PROBLEM DETAILS: Give back exactly the lines of the entries below from the line with "Colar Coração de Esmeralda e Diamantes" to the line with "Apartments Adri, Parking", inclusive, and only those.

DATA SECTION:
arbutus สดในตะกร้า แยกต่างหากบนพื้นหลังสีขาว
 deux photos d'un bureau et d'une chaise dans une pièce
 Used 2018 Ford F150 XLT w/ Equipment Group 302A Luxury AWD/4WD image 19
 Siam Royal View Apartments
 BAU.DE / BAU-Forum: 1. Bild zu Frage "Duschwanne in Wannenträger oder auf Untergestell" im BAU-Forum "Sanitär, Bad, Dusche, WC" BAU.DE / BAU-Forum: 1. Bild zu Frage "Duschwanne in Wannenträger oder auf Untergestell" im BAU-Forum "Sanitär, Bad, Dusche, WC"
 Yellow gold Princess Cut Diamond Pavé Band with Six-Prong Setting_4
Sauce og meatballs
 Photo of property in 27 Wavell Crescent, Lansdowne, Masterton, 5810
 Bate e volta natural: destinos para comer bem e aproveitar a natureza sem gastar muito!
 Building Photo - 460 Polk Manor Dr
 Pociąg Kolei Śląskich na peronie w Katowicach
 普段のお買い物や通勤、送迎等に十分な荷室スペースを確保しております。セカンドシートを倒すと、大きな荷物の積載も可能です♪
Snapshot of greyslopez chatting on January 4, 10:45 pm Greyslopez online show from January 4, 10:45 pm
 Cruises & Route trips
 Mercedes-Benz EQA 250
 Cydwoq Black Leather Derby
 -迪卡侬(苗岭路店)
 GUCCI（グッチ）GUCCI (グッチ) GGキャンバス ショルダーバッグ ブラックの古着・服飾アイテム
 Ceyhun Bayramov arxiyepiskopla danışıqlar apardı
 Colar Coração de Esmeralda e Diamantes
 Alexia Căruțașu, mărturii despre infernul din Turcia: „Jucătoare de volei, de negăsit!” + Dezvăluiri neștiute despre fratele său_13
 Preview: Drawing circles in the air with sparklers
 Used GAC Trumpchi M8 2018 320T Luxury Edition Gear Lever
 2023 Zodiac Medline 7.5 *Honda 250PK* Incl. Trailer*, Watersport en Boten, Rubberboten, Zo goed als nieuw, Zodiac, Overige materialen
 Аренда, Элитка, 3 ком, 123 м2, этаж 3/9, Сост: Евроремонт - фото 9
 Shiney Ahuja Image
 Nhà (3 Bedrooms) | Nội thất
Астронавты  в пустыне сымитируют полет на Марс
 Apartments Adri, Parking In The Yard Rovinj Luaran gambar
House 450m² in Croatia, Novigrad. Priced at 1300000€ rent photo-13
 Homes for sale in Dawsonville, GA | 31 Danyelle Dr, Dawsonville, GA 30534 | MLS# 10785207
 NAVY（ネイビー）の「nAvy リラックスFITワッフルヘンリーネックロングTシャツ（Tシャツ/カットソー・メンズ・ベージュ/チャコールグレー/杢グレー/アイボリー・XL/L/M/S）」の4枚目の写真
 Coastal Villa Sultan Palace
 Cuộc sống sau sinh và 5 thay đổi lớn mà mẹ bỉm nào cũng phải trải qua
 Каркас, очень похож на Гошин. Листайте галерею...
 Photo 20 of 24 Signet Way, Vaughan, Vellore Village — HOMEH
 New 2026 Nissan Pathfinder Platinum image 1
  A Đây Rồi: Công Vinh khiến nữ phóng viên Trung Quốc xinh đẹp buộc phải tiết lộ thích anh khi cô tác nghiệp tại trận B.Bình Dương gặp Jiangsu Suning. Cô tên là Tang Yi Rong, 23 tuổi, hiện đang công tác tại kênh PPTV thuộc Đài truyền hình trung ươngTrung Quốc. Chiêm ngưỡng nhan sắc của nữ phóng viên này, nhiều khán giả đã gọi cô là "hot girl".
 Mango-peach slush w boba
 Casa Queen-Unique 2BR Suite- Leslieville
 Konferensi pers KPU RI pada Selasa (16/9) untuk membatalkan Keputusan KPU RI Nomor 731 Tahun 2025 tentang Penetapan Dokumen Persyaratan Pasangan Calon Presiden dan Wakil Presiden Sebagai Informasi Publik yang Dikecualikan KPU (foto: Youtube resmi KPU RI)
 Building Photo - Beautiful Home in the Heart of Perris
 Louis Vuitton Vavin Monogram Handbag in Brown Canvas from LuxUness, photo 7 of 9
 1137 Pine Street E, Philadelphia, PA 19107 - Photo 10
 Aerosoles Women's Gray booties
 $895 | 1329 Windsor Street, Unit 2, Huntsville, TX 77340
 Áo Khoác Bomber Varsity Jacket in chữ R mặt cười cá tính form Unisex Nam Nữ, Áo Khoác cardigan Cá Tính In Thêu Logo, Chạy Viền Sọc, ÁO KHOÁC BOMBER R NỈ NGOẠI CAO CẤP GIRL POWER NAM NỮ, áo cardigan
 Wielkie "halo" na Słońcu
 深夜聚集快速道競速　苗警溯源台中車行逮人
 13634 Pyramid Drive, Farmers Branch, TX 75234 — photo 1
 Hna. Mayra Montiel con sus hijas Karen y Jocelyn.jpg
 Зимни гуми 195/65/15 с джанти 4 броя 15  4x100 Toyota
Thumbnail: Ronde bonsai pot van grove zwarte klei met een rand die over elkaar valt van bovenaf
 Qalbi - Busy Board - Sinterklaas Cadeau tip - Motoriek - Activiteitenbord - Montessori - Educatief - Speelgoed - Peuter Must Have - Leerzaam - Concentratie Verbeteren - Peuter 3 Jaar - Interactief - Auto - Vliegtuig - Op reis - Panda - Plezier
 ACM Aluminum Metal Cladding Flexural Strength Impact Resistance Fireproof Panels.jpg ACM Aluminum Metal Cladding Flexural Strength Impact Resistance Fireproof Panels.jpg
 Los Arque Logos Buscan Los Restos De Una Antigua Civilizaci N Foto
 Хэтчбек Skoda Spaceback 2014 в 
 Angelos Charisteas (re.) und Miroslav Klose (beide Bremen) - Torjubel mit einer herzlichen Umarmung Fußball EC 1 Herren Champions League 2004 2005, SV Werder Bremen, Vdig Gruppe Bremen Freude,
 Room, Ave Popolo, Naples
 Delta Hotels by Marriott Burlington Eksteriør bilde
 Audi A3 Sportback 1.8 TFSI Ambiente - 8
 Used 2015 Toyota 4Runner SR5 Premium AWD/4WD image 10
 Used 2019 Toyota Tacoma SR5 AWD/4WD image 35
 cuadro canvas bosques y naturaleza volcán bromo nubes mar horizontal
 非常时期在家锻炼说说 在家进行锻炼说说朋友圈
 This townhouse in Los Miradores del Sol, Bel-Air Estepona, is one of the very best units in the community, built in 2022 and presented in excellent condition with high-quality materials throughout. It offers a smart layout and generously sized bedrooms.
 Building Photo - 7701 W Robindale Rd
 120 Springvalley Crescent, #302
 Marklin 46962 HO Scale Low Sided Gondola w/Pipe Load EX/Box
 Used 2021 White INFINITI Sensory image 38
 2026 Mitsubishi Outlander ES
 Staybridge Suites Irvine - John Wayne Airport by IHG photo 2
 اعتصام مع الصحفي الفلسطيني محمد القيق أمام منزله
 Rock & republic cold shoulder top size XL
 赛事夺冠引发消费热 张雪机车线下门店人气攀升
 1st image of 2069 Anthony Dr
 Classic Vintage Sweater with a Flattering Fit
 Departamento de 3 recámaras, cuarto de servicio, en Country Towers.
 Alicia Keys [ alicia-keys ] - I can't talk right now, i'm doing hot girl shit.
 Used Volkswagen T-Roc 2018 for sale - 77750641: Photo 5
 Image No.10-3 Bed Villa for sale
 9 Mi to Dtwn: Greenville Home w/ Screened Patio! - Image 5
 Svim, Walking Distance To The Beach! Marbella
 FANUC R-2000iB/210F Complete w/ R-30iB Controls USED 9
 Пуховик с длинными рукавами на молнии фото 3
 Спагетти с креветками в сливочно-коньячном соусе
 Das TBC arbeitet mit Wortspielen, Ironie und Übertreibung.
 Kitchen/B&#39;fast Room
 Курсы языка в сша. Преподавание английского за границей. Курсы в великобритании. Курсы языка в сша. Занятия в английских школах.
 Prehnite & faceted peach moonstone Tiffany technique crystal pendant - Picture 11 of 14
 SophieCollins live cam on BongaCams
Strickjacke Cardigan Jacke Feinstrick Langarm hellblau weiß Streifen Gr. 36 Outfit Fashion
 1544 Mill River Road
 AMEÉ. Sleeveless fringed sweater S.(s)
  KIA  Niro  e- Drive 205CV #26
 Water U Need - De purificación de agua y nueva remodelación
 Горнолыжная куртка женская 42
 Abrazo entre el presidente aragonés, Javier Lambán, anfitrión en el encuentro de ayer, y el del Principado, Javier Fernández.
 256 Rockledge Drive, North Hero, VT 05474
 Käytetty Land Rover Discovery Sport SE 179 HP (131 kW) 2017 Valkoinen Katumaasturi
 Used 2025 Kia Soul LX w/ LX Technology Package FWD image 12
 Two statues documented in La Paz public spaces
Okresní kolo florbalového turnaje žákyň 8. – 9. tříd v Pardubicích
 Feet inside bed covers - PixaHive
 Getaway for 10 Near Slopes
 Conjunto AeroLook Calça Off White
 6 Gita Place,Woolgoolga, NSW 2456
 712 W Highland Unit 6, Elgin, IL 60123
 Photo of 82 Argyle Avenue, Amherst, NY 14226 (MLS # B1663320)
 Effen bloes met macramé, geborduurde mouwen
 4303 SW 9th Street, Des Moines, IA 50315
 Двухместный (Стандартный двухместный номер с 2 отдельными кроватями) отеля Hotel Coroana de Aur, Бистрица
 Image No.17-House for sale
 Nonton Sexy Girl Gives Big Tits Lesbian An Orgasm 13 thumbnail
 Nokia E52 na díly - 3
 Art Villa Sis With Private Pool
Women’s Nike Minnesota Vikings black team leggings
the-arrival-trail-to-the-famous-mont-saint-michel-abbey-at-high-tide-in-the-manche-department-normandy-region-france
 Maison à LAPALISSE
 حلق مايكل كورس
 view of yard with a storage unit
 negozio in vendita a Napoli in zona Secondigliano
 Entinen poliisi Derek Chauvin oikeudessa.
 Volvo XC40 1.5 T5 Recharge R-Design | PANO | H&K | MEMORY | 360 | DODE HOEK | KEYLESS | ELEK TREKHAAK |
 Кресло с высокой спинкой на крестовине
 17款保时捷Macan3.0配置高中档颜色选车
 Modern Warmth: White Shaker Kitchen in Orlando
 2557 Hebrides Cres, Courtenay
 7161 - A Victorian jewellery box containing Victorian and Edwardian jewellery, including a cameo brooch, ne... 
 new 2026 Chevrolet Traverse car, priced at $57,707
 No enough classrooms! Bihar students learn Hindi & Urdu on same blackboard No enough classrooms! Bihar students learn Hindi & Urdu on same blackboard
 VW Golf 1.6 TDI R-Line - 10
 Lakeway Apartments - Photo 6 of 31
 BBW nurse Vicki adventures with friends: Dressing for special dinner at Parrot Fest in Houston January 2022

ANSWER:
 Colar Coração de Esmeralda e Diamantes
 Alexia Căruțașu, mărturii despre infernul din Turcia: „Jucătoare de volei, de negăsit!” + Dezvăluiri neștiute despre fratele său_13
 Preview: Drawing circles in the air with sparklers
 Used GAC Trumpchi M8 2018 320T Luxury Edition Gear Lever
 2023 Zodiac Medline 7.5 *Honda 250PK* Incl. Trailer*, Watersport en Boten, Rubberboten, Zo goed als nieuw, Zodiac, Overige materialen
 Аренда, Элитка, 3 ком, 123 м2, этаж 3/9, Сост: Евроремонт - фото 9
 Shiney Ahuja Image
 Nhà (3 Bedrooms) | Nội thất
Астронавты  в пустыне сымитируют полет на Марс
 Apartments Adri, Parking In The Yard Rovinj Luaran gambar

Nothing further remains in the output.